The reason the system has not been taken up is that the solicitors involved in conveyancing will not use it, because they have been advised by their professional bodies that they are at risk of professional liability issues if they do so. The banks will not use it for transactions, because they have concerns about the plethora of state-based e-conveyancing systems and would prefer a national system. Again with this project the government failed to create specifications that were acceptable to the end users.

We have spent $40 million on a system that the key parties -- the conveyancers and the banks -- do not want to use and have demonstrated they will not use because it does not meet their requirements.
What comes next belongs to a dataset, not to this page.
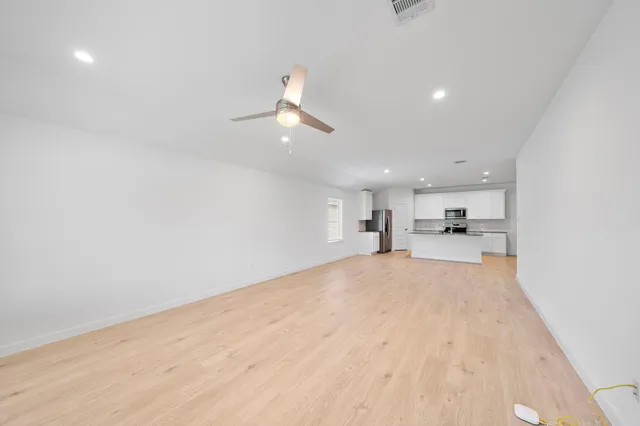 a view of a kitchen with a sink and a window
At a federal level we now have proposals for a national conveyancing system. This throws great doubt on the investment Victoria has made in its e-conveyancing system. It would appear from coverage of the issue that there is limited prospect of the Victorian e-conveyancing system being picked up as the national model. Apparently there is some support from Queensland, but there is limited support across the other jurisdictions. There is every prospect that the $40 million the Victorian government has committed to this project will be wasted because the system did not meet the requirements of the key parties to conveyancing transactions and has simply not been used.

Four years ago the forecast from the then Minister for Planning, Mary Delahunty, was of 400 000 transactions a year, but that has not come to pass because the government did not do its homework on this project.


Ms PENNICUIK (Southern Metropolitan) 


With regard to the e-conveyancing system, notwithstanding whatever problems there may be in terms of its implementation, it seems the biggest problem is that potential users of the system do not want to use it. That is problem no. 1. I note a rather large article in the Australian in May titled 'Revolt against Victorian e-system' that reported that the private players were refusing to engage with it and that:

The Law Council of Australia and the Australian Bankers Association have written ... to the federal government, urging it to have nothing to do with any plan ...

That seems to make e-conveyancing pretty well doomed.


I note Mr Pakula said the matter is now going to the Council of Australian Governments. Perhaps that would have been the best approach from the beginning. The advice and the understanding was that you needed a national system for e-conveyancing, because people are buying and selling properties across state borders. Certainly we should have learnt from 100 years of federation that having six state-based and perhaps two territory-based systems is a recipe for disaster. If one state attempts to implement this system on its own and then expects the country to integrate eight different systems, it is bound to fail. I note that $40 million has been spent on e-conveyancing; that is not a small amount of money, and it certainly could have been better spent on other projects.